Los aficionados wiganers eran minoría en la grada, pero parecían el triple. Jaleaban cada acción de su equipo. Cada internada. Cada pelota robada. El Wigan, poco a poco, se fue haciendo con el control del encuentro. Y el City se ahogaba sin la pelota. Durante la primera parte, solo se acercaron una vez a la portería de Joel Robles mediante un disparo de Carlos Tévez. Era la misma táctica que Bob había usado semanas antes en el Etihad.
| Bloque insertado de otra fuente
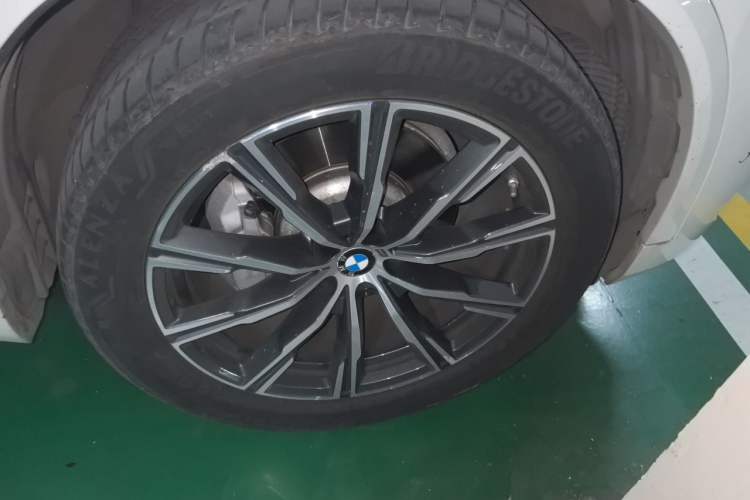 Used BMW X5 2020 xDrive30i M Sport Package Right Front Wheel Hub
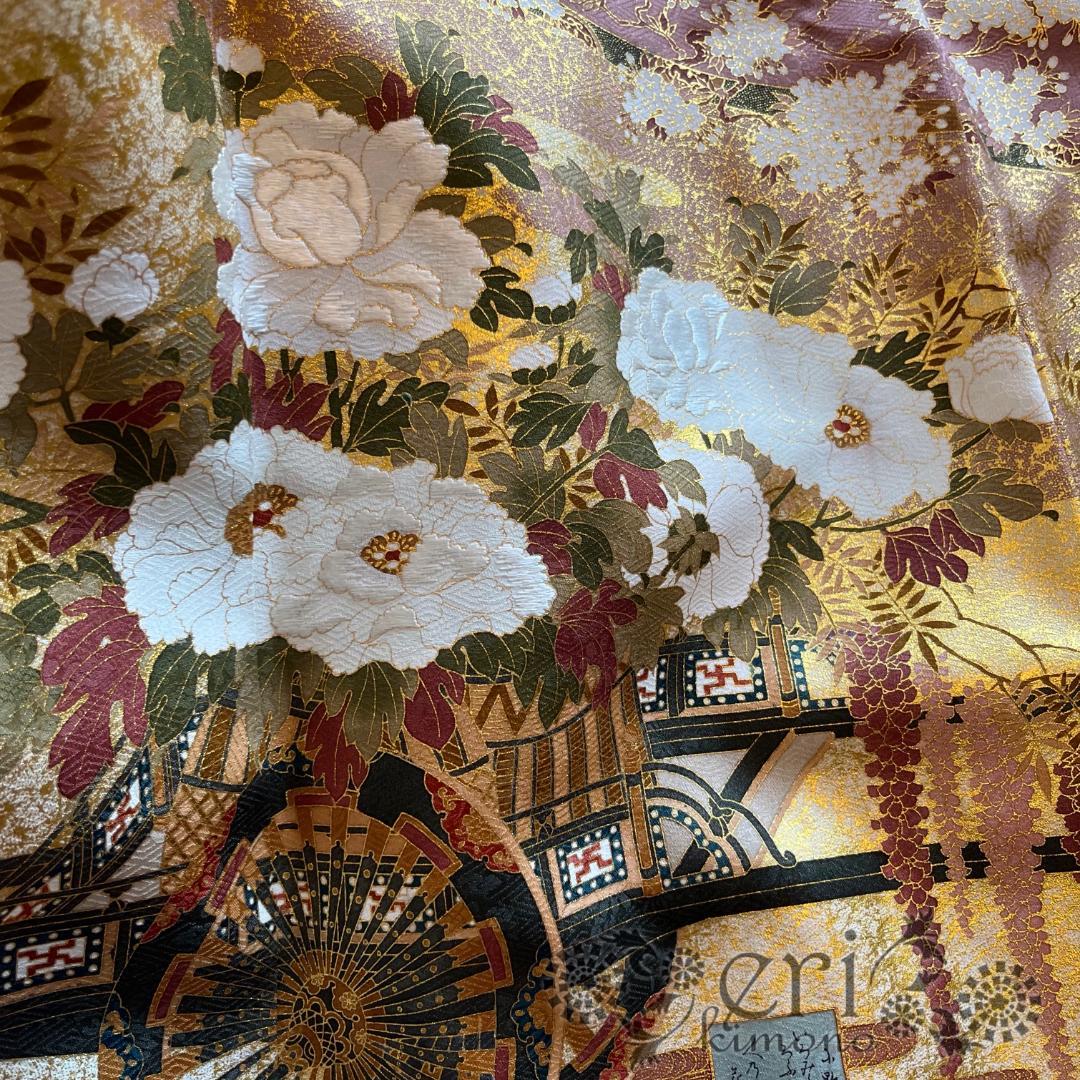 金駒刺繍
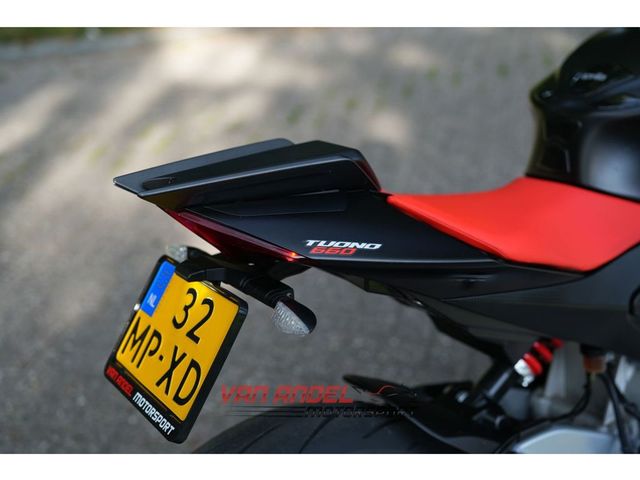 aprilia - tuono-660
Y los citizen no terminaban de estar cómodos. 

La reacción de los del DW Stadium se personalizó en las botas de la revelación McManaman. El inglés dribló, peleó y mordió a la defensa del City. Y, cuando solo quedaban cinco minutos, encaró la portería con la cabeza agachada y una velocidad endiablada. Nadie podía pararlo. Excepto Pablo Zabaleta. El argentino trastabilló al extremo del Wigan a pocos metros de internarse en el área y dejó a su equipo con un hombre menos. No se lo podía creer. 

Mancini, para el que a la postre sería uno de sus últimos partidos como entrenador citizen, intentó equilibrar a su equipo dando entrada a Jack Rodwell. Agua de borrajas. Los de Bob insistieron y persistieron hasta forzar un córner cuando el cuarto árbitro ya había mostrado la tablilla de descuento. Shaun Maloney se dirigía a la esquina con la prórroga en el horizonte. Pero no. Era el momento. El escocés puso con un guante de seda el balón al primer palo, donde apareció Ben Watson para, con su corto y pelirrojo flequillo, colocarla en el fondo de las mallas y hacer su nombre imborrable en la historia del Wigan Athletic. Todos le abrazaban. Se había roto la tibia y el peroné solo seis meses antes. Se lo merecía. Whelan explotaba de júbilo en el palco. The Latics iban a levantar la FA Cup al cielo de Wembley. 

El equipo de Roberto Martínez es el mejor ejemplo para el Norwich City. Si ellos pudieron, ¿por qué no The Canaries? La campaña de los de Daniel Farke no invita al optimismo. Pero tampoco lo hacía la del Wigan en 2013. Ellos les enseñaron que nada es imposible. La afición lo agradecerá. Es su última oportunidad de llevarse una alegría esta temporada. Seguro que por esta vez no les importa que les hagan reír en medio del llanto.